CAP, BP, BTS : quelle formation pour quel métier de la beauté et du bien-être ?

Par La Rédaction de Profession Bien-Être ·

Chapô. CAP, BP, Bac pro, BTS, certifications privées : entre celles qui permettent simplement d’exercer et celles qui autorisent à ouvrir son salon ou à manager, l’écart est énorme. Voici à quoi sert chaque diplôme dans la coiffure et l’esthétique, et comment choisir selon votre projet — salarié·e, indépendant·e ou futur·e chef·fe d’entreprise.

La logique des niveaux

Les diplômes se lisent comme un escalier : chaque marche ouvre des prestations, des responsabilités et des droits supplémentaires. Schématiquement :

Diplôme Rôle principal Ce qu’il permet
CAP (coiffure / esthétique-cosmétique) Diplôme d’entrée du métier Exercer les gestes de base en tant que salarié·e
BP (brevet professionnel, coiffure) Diplôme de la responsabilité Exigé pour diriger un salon de coiffure ; gestes avancés
Bac pro (esthétique) Polyvalence + premières notions de gestion Prestations élargies, encadrement, vente
BTS (métiers de l’esthétique-cosmétique-parfumerie) Management, formation, conseil Gestion d’institut/spa, animation d’équipe, marques, formation

(Intitulés et prérogatives à vérifier selon les référentiels en vigueur et l’activité exacte.)

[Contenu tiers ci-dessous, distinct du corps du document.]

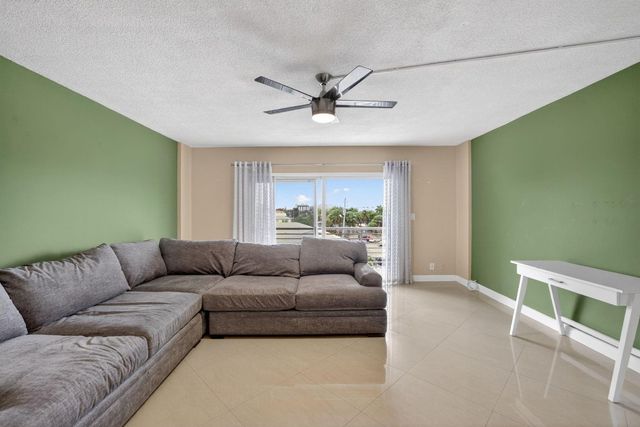 2900 NE 30th Street A4, Fort Lauderdale, FL 33306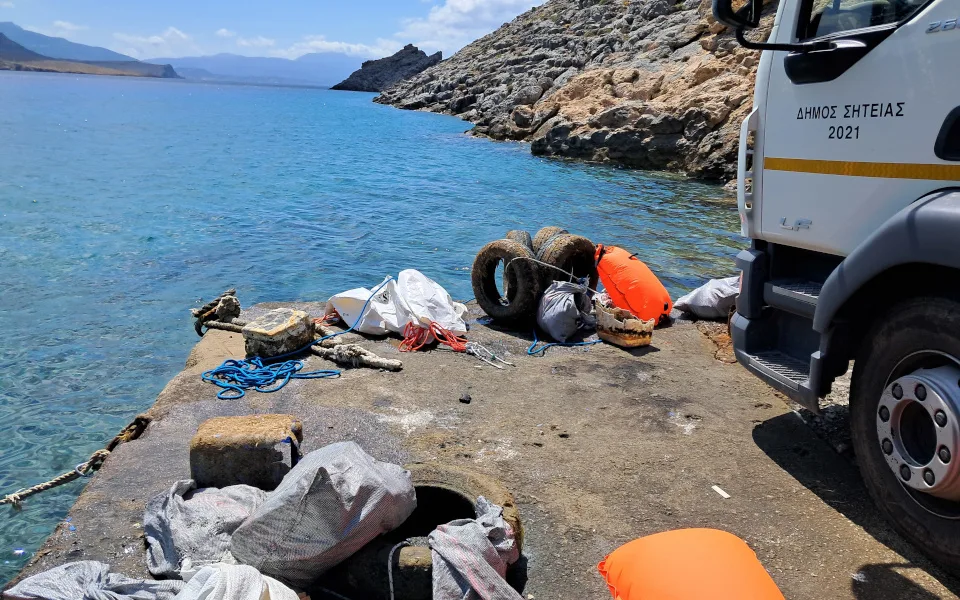 Τα πρώτα βήματα για την πρότυπη Αποκατάσταση λιβαδιών Ποσειδωνίας στον όρμο Ατζικιάρι της Κρήτης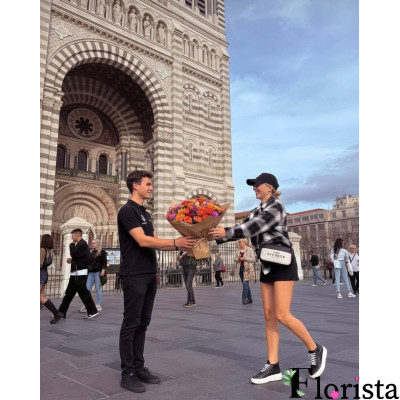 Марсель, Франція - Букет збірних квітів Firework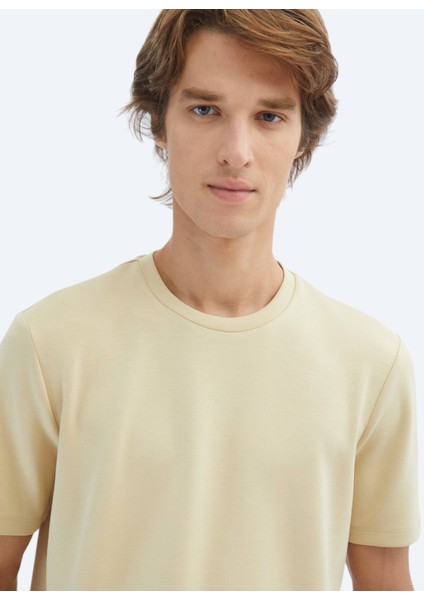 Açık Sarı Düz Bisiklet Yaka T-Shirt
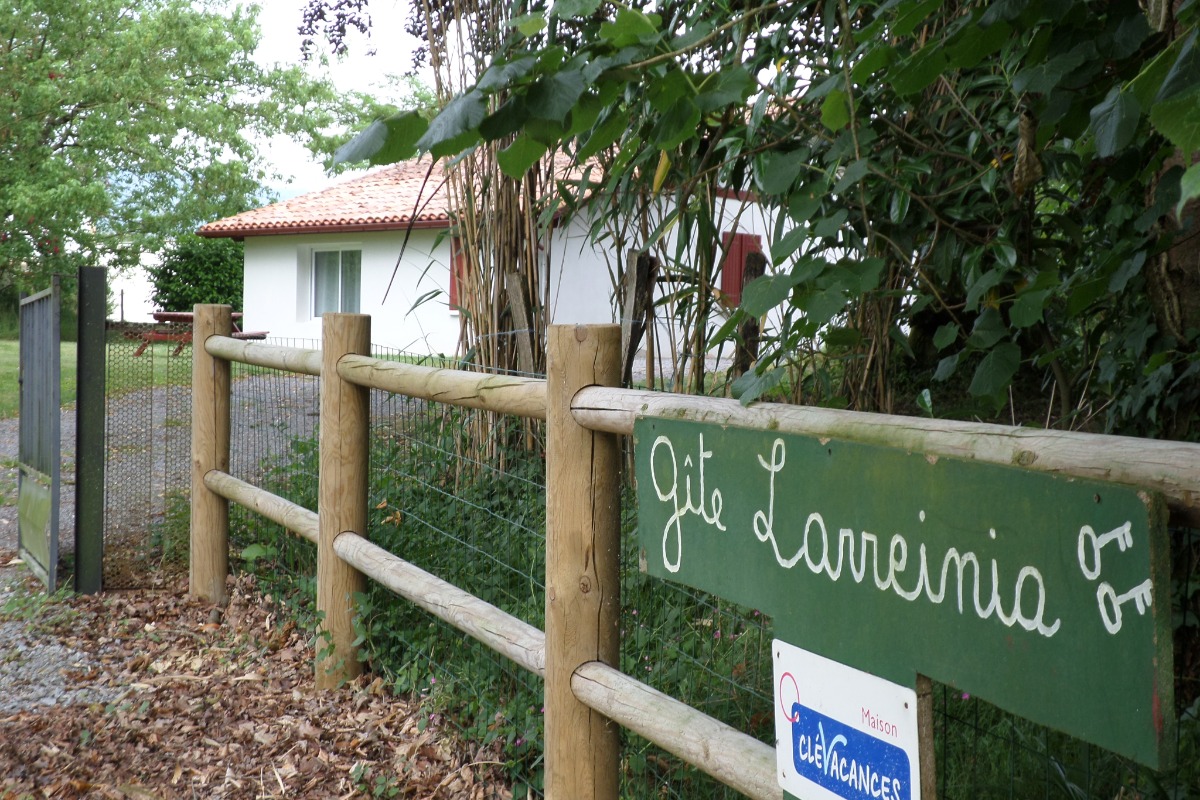 Gîte Larreinia-Saint Jean le Vieux  - Location de vacances - Saint-Jean-le-Vieux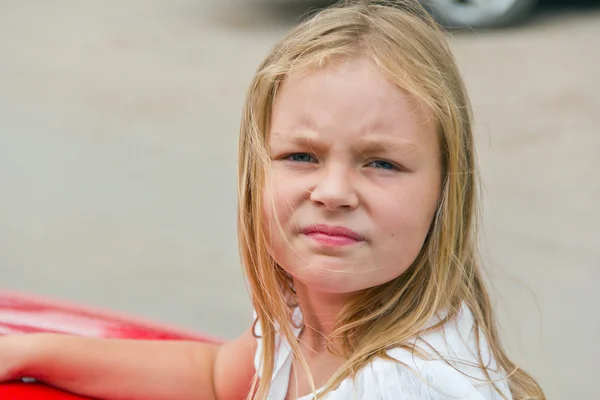 Schattig meisje — Stockfoto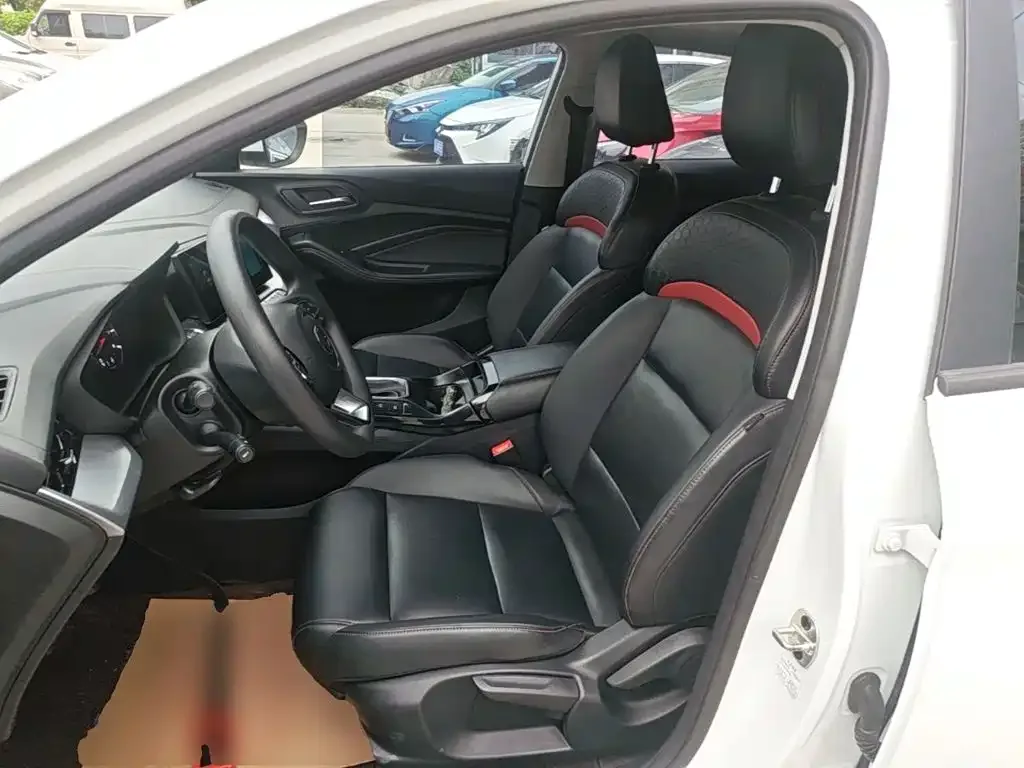 MG MG5 2023 180DVVT CVT Luxury Edition — Фото автомобиля 14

Coiffure : le BP, clé de l’installation

En coiffure, le CAP ouvre l’exercice salarié. Mais pour ouvrir et diriger un salon, c’est le brevet professionnel (BP) — ou un diplôme reconnu équivalent — qui est requis. C’est le point qui surprend le plus les porteurs de projet : on peut être un·e excellent·e coiffeur·se en CAP et ne pas pouvoir ouvrir seul·e son salon sans le BP. À anticiper très en amont d’un projet d’installation.

Esthétique : du CAP au BTS selon l’ambition

  • CAP esthétique : exercer les soins esthétiques de base.
  • Bac pro : élargir les prestations, encadrer, vendre.
  • BTS : viser la gestion d’un institut ou d’un spa, le management d’équipe, la formation, ou les postes chez les marques (animation, conseil, formation produit).

Plus le projet va vers la direction ou le spa manager, plus le BTS (ou une formation de gestion complémentaire) prend du sens.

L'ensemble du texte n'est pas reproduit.